Configuration files define the parameters of services run by launchd. Stored in the LaunchAgents and LaunchDaemons subdirectories of the Library folders, the property list-based files have approximately thirty different keys that can be set. launchd itself has no knowledge of these configuration files or any ability to read them - that is the responsibility of "launchctl".

launchctl is a command line application which talks to launchd using IPC and knows how to parse the property list files used to describe launchd jobs, serializing them using a specialized dictionary protocol that launchd understands. launchctl can be used to load and unload daemons, start and stop launchd controlled jobs, get system utilization statistics for launchd and its child processes, and set environment settings.

===launchd===

launchd has two main tasks. The first is to boot the system, and the second is to load and maintain services.

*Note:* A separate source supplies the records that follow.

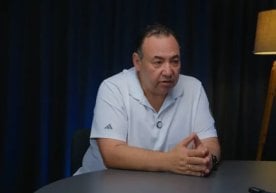 Ўзбекистон миллий терма жамоасининг 2026 йилги Жаҳон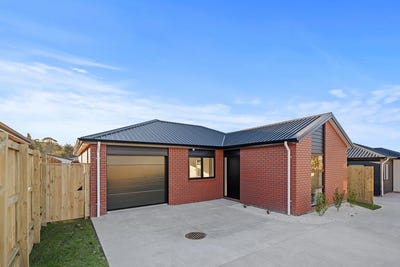 /international/nz/42-balmerino-crescent-pukete-hamilton-city-380066103902/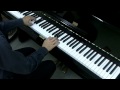 Bastien Piano Basics Level 2 Performance No.1 Old ...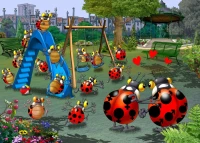 bluebird-puzzle-coccinelles-au-parc-jigsaw-puzzle-500-pieces.94220-1.fs.jpg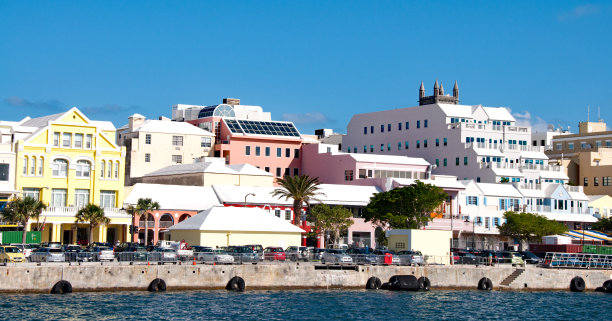 百慕大图片素材ID：315563400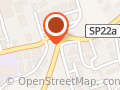 Super Elite SPA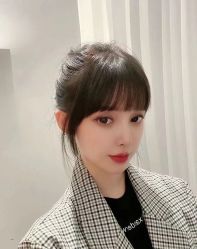 -Amo la Diva造型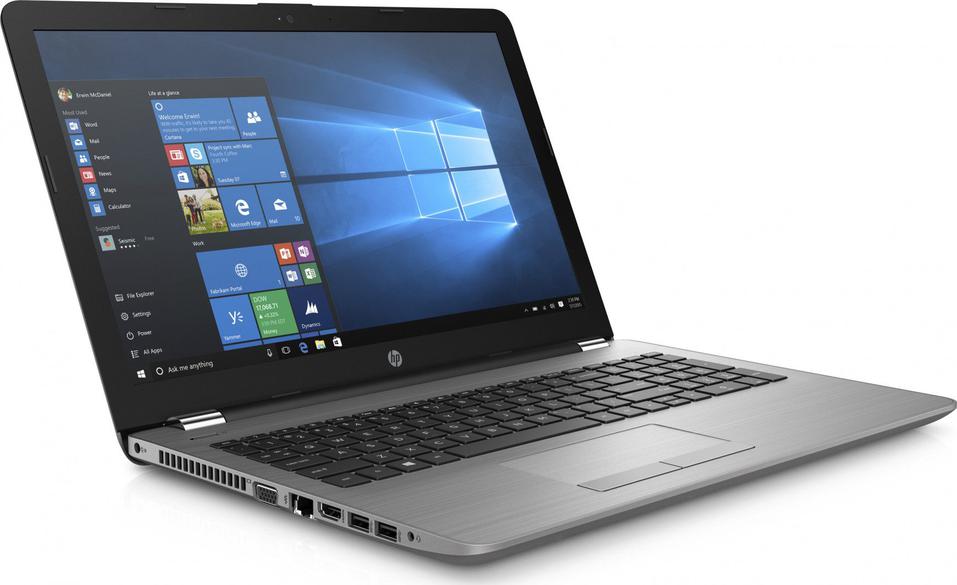 HP 250 G6 (3QM76EA)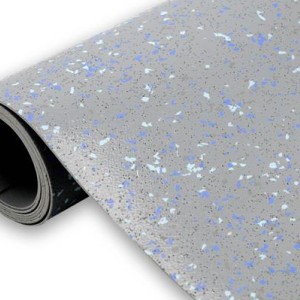 img-ΑΝΤΙΟΛΙΣΘΗΡΟ ΠΛΑΣΤΙΚΟ ΔΑΠΕΔΟ 1.5mm KL GREY  2M NewPlan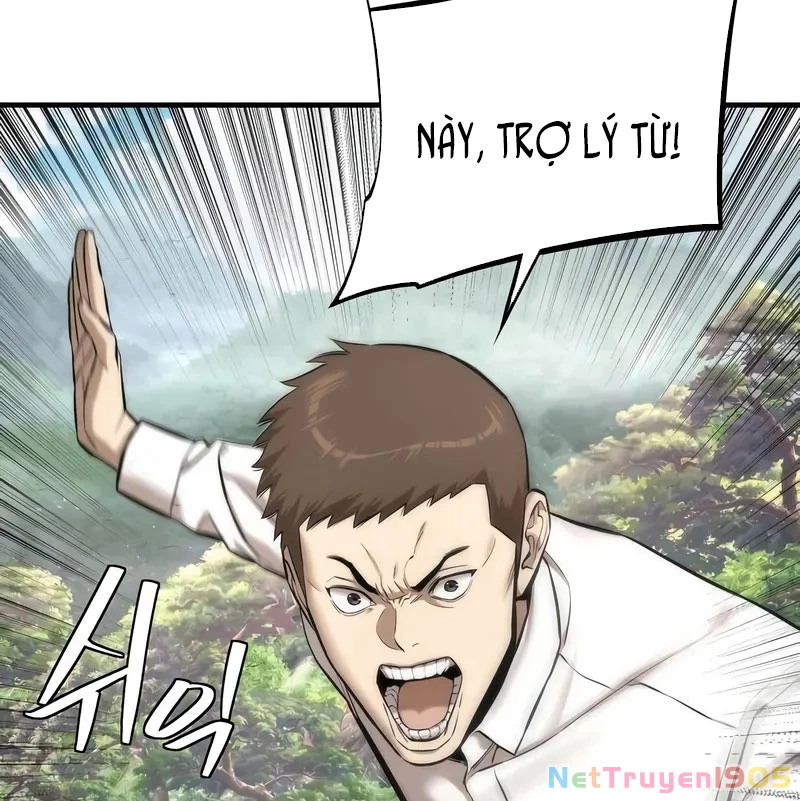 Hồi Quy Tu Tiên Ký Chapter 8 - 9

Here is a simplified view of the Mac OS X Tiger system startup on a PowerPC Mac (on an Intel Mac, EFI replaces Open Firmware and boot.efi replaces BootX):

1. Open Firmware activates, initializes the hardware, and then loads BootX.
2. BootX loads the kernel, spins the pinwheel cursor, and loads any needed kernel extensions (kexts).
3. The kernel loads launchd.
4. launchd runs /etc/rc, various scripts which scan through /System/Library/LaunchDaemons and /Library/LaunchDaemons, calling launchctl on the plists as needed, then launchd starts the login window.

In step 4, the startup scripts scan through a few different directories for jobs to run. There are two different directories that are scanned:
1. The LaunchDaemons directories contain items that will run as root, generally background processes.
2. The LaunchAgents directories contain jobs, called agent applications, that will run as a user or in the context of userland. These may be scripts or other foreground items, and they can even include a user interface.
These directories are all kept in the typical Library directories of Mac OS X.

launchd is very different from SystemStarter in that it may not actually launch all the daemons at boot time. Key to launchd, and similar to xinetd, is the idea of launch-on-demand daemons. When launchctl scans through the job plists at boot time, it asks launchd to reserve and listen on all of the ports requested by those jobs. If so indicated in the plist by the "OnDemand" key, the daemon is not actually loaded at the time. Rather, launchd will listen on the port, start the daemon when needed, and shut it down when it is no longer needed. After a daemon is loaded, launchd will keep track of it and make sure it is running if needed. In this way it is like watchdogd, and shares watchdogd's requirement that processes do not attempt to fork or daemonize on their own. If a process goes into the background, launchd will lose track of it and attempt to relaunch it.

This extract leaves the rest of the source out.